PROBLEM TO SOLVE:
Taking the line with "Access the vast" as the first and the line with "42860 BERKDALE Drive, Belleville, MI" as the last, set down the lines below exactly, pictures excluded.

DATA SUPPLIED:

■ ■ ■

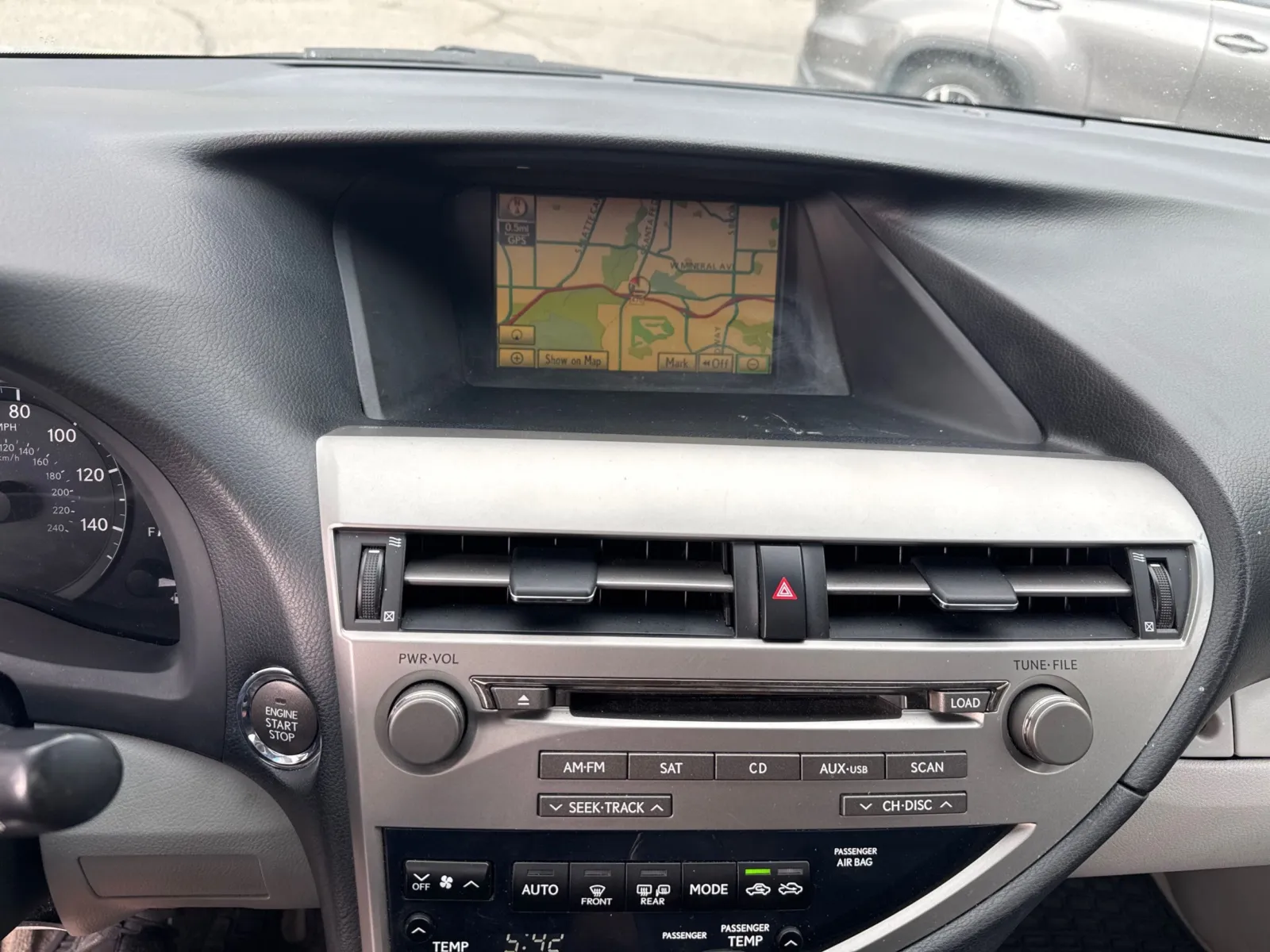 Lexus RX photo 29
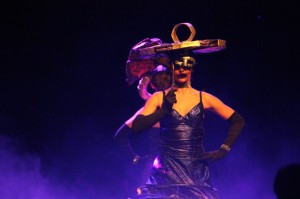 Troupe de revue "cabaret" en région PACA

■ ■ ■

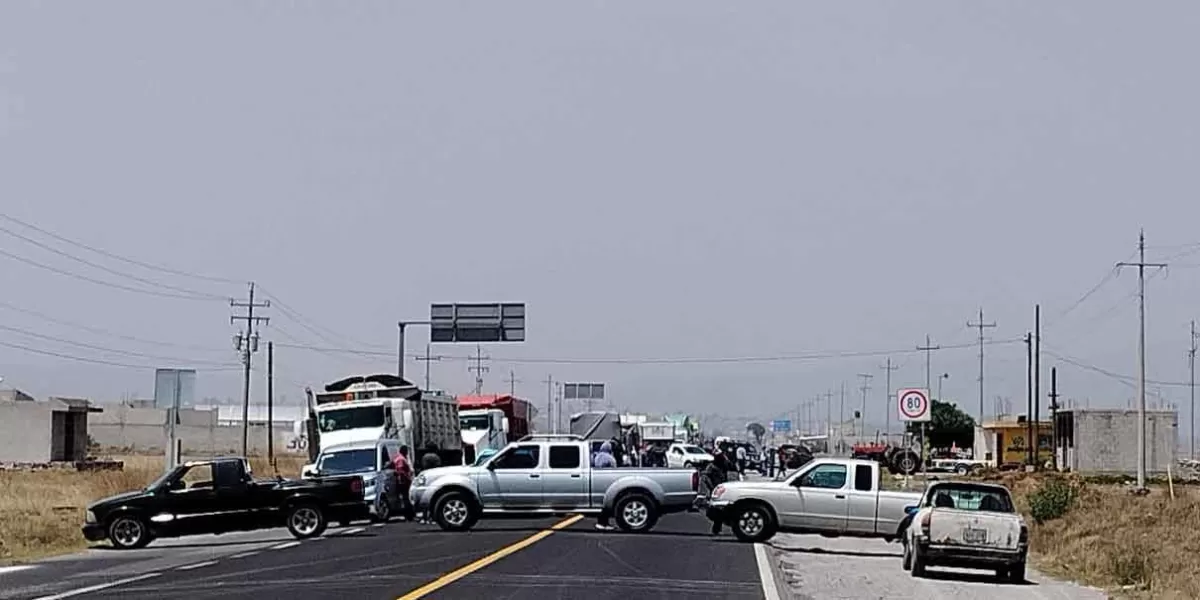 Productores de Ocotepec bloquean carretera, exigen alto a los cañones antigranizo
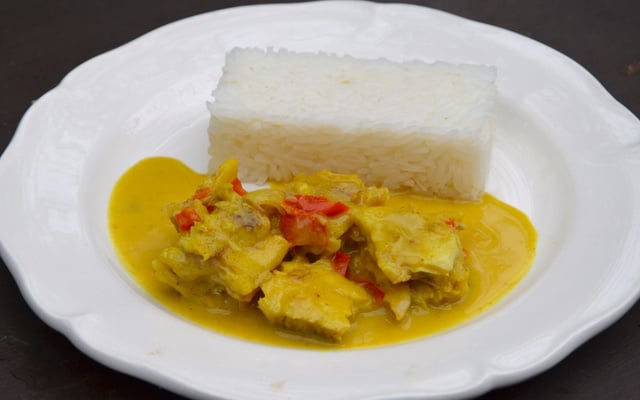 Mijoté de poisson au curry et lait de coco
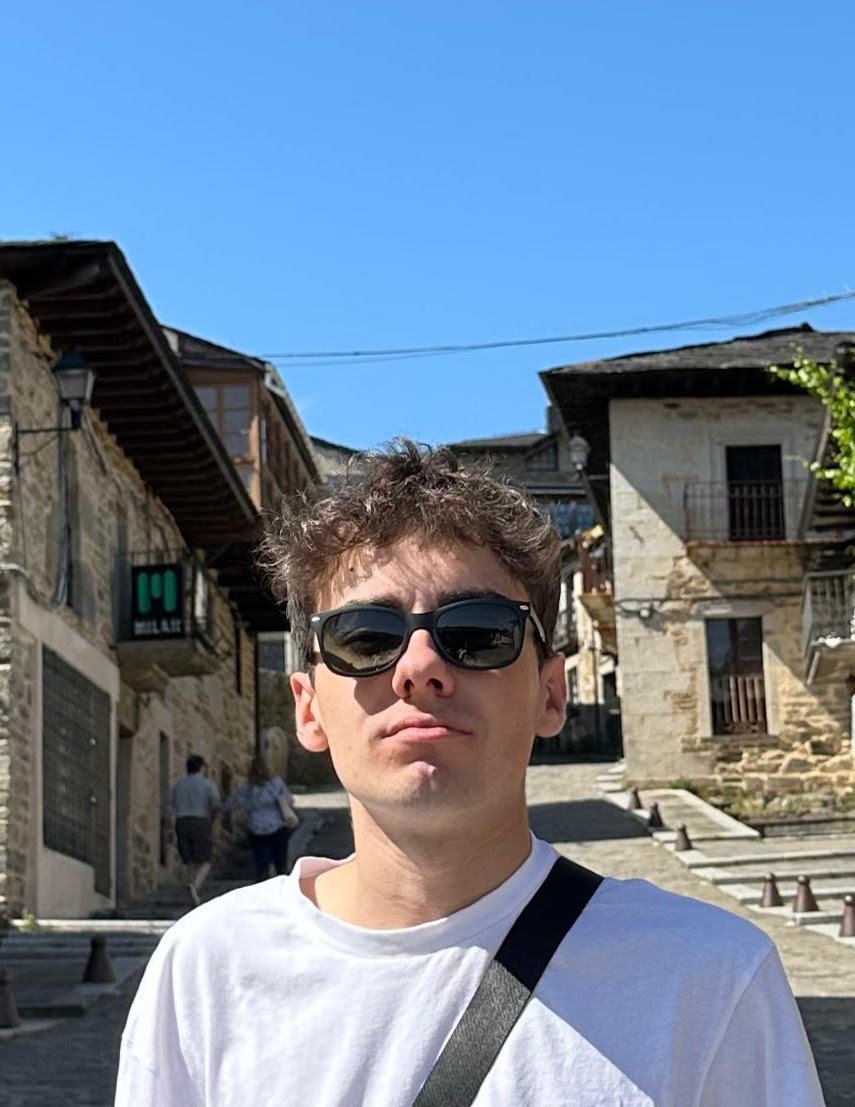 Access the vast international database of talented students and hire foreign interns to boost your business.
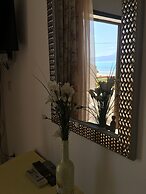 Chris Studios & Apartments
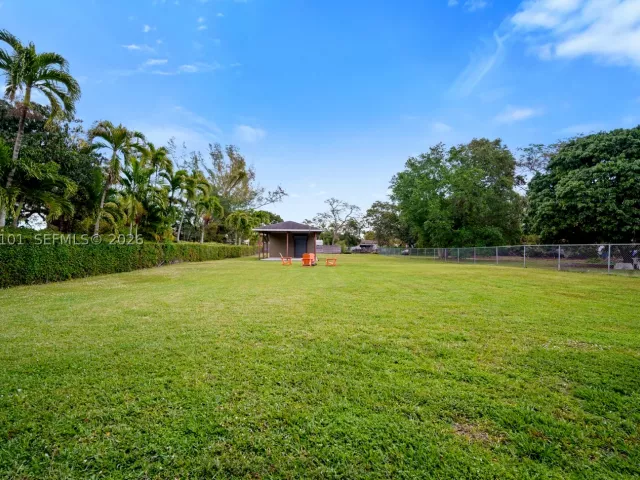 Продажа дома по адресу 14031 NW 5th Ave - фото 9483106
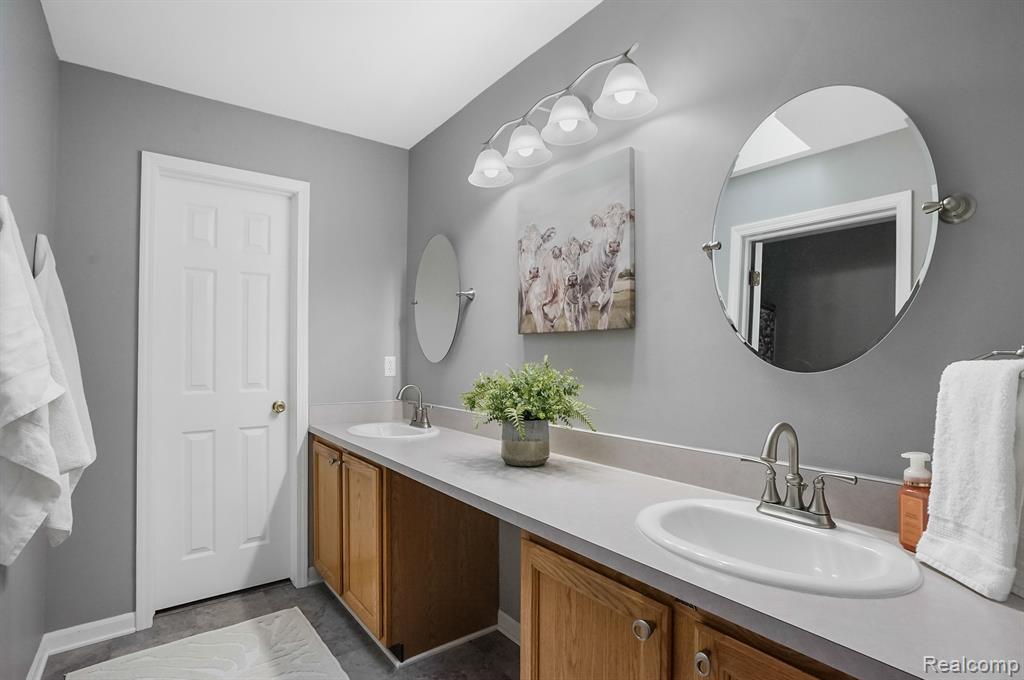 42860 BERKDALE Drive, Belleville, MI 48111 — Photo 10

■ ■ ■

WRITTEN RESPONSE:
 Access the vast international database of talented students and hire foreign interns to boost your business.
 Chris Studios & Apartments
 Продажа дома по адресу 14031 NW 5th Ave - фото 9483106
 42860 BERKDALE Drive, Belleville, MI 48111 — Photo 10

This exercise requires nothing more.